I've heard the same with the silver and I agree with you on this. You can't slice off a slither of gold for some food.


----------



## thomasdangerpowers (Mar 2, 2012)

gold is a store of value you don't really make money, I have gold and I'm going to try and sell it for silver if I can get a good deal. silver has much more upside potential because it is a precious metal a base metal and has more uses than any other metal on earth with the possible exeption of gold. however we use silver and don't recyle so actually it is aready more rare than gold. plus only 10% of the market is physical silver the rest is etf's share basically an IOU for an IOU for futer silver to be mined besides smaller amounts of silver would be more handy who will have change for a 1oz gold coin worth 10,000 dollars if the dollar takes a serious dive?


----------



## FLPrepper (Jun 6, 2016)

Ah, I miss the days when gold traded at these prices. Let's hope we see $1700 again relatively soon.


----------



## sideKahr (Oct 15, 2014)

Your price is incorrect. Spot gold is trading at $1273.82.


----------



## Operator6 (Oct 29, 2015)

sideKahr said:


> Your price is incorrect. Spot gold is trading at $1273.82.


That's good info but I don't think anyone's incorrect. No one has stated today's gold price but you.


----------



## sideKahr (Oct 15, 2014)

Operator6 said:


> That's good info but I don't think anyone's incorrect. No one has stated today's gold price but you.


Then I don't understand the title of the post: "Gold at 1732.40!!"


----------



## Operator6 (Oct 29, 2015)

sideKahr said:


> Then I don't understand the title of the post: "Gold at 1732.40!!"


Look at the date the thread was started.


----------



## sideKahr (Oct 15, 2014)

Sorry.
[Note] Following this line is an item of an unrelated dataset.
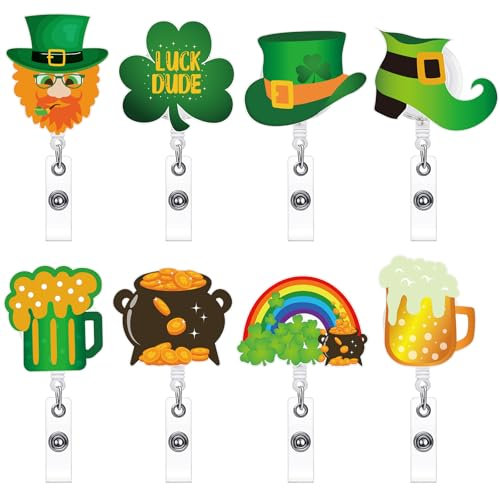 NACHLYNN 8 pezzi St.Patrick's Day Infermiera Badge Reel in acrilico retrattile porta badge infermiere porta badge per infermiere dottore badge Reels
My mistake.


----------



## 8301 (Nov 29, 2014)

I was all excited until I noticed the date. :sad2:


----------



## Urinal Cake (Oct 19, 2013)

I agree I was wondering where the OP got that price, maybe it was a golden dream....


----------



## rice paddy daddy (Jul 17, 2012)

Just think about the suckers at the time who bought into all the breathless predictions that gold would be $2400/oz very soon and paid over $1800/oz.
Good thing my wife and I are poor.


----------



## Operator6 (Oct 29, 2015)

rice paddy daddy said:


> Just think about the suckers at the time who bought into all the breathless predictions that gold would be $2400/oz very soon and paid over $1800/oz.
> Good thing my wife and I are poor.


Same ones bought AR's for 1500.00 at gunshows.


----------



## RotalSnart (Jul 17, 2016)

I feel sorry for all of the suckers that didn't buy $14 silver and $1057 gold last November.

The black Friday sales were EPIC!!!!!!

And I seriously don't think any Argentinian would regret buying gold with Argentinian pesos a few years back.....it's almost 20,000 Argentinian pesos an ounce now, and you can get anything you want on the black market with it.


----------